- [Exercise objective] Images are not part of the copy; transcribe all the data exactly.
··· Information supplied
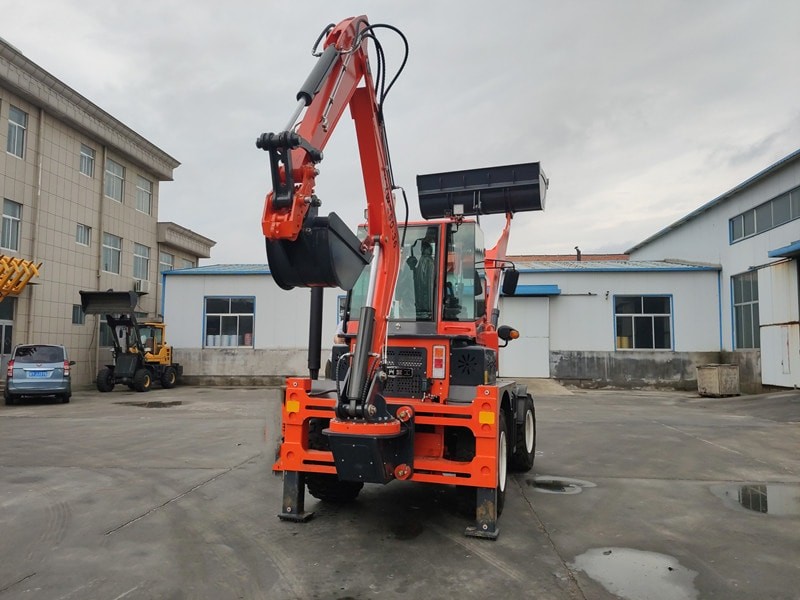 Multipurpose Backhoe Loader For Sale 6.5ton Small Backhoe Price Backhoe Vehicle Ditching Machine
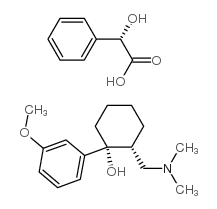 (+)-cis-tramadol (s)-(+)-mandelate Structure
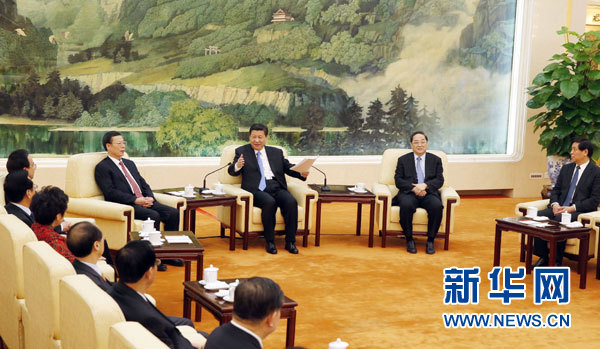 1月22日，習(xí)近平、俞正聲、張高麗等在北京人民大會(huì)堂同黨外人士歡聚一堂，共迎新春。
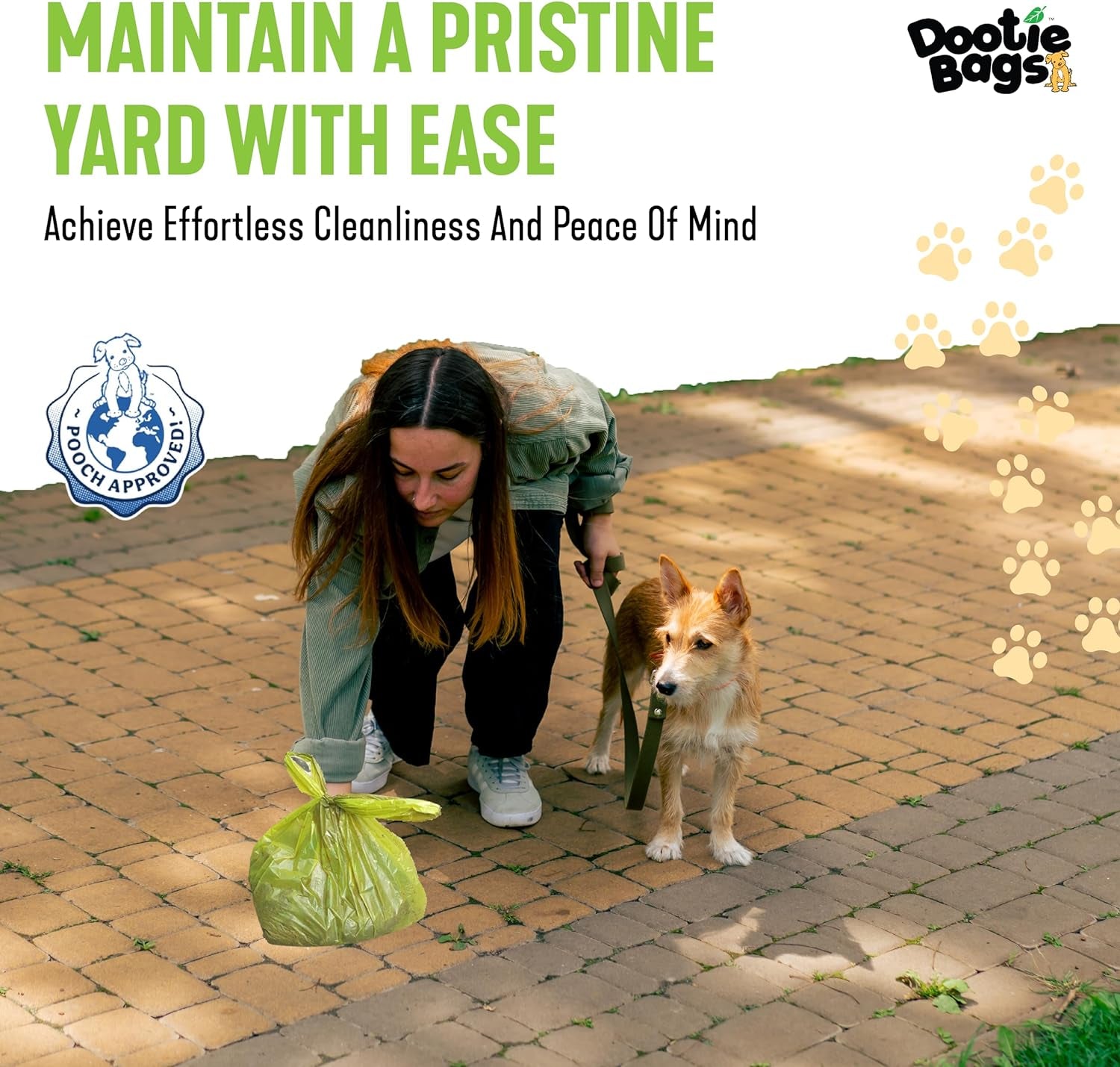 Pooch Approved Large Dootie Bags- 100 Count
······
- [Answer space]
 Multipurpose Backhoe Loader For Sale 6.5ton Small Backhoe Price Backhoe Vehicle Ditching Machine
 (+)-cis-tramadol (s)-(+)-mandelate Structure
 1月22日，習(xí)近平、俞正聲、張高麗等在北京人民大會(huì)堂同黨外人士歡聚一堂，共迎新春。
 Pooch Approved Large Dootie Bags- 100 Count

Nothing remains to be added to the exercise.